Google has published an FAQ page for Google Glass, but the company has yet to reveal any release plans. For the time being, the company will only commit to a 2014 launch window.
If Google does not plan to sell Google Glass at Best Buy, where will it be sold? The search engine giant could pour millions of dollars into its own retail outlets, a la Microsoft and Apple (NASDAQ: AAPL), but it would take time for those to be built. Google might have better luck relying on Best Buy and other existing retailers to sell the device.
Since its inception, Google has been very protective of Google Glass. The company has only allowed select individuals to play with the device, and it explicitly prohibits users from sharing the unit with others. It will not allow users to sell or rent the device either -- if they do, Google will deactivate the glasses.

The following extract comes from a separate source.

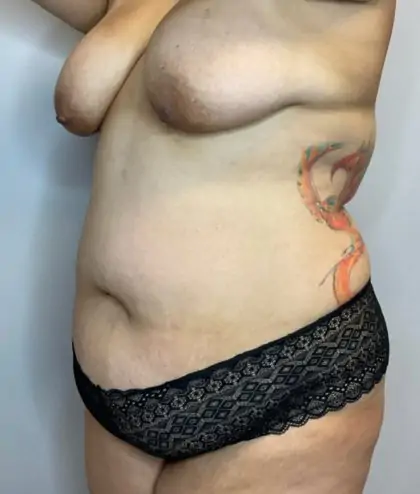 Before Image: Liposuction, Tummy Tuck - left-front-oblique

For better or worse, Google cannot protect this project forever. If it intends for consumers to purchase Google Glass, it will have to become comfortable with the notion that consumers may want to test the unit before making a purchase. Google will also have to ease up on its sharing restrictions -- and allow users to sell the unit whenever they please. If the "no re-sale" restriction is in place for the consumer version, some people may be afraid to buy the device. Others may be reluctant to upgrade (when new models become available) because their old version would be turned into a useless paperweight that can't be sold or shared.
These are some of the many things Google must work out before it can bring Google Glass to the public.
The company must act fast if it intends to keep its 2014 release date.
Disclosure: At the time of this writing, Louis Bedigian had no position in the equities mentioned in this report.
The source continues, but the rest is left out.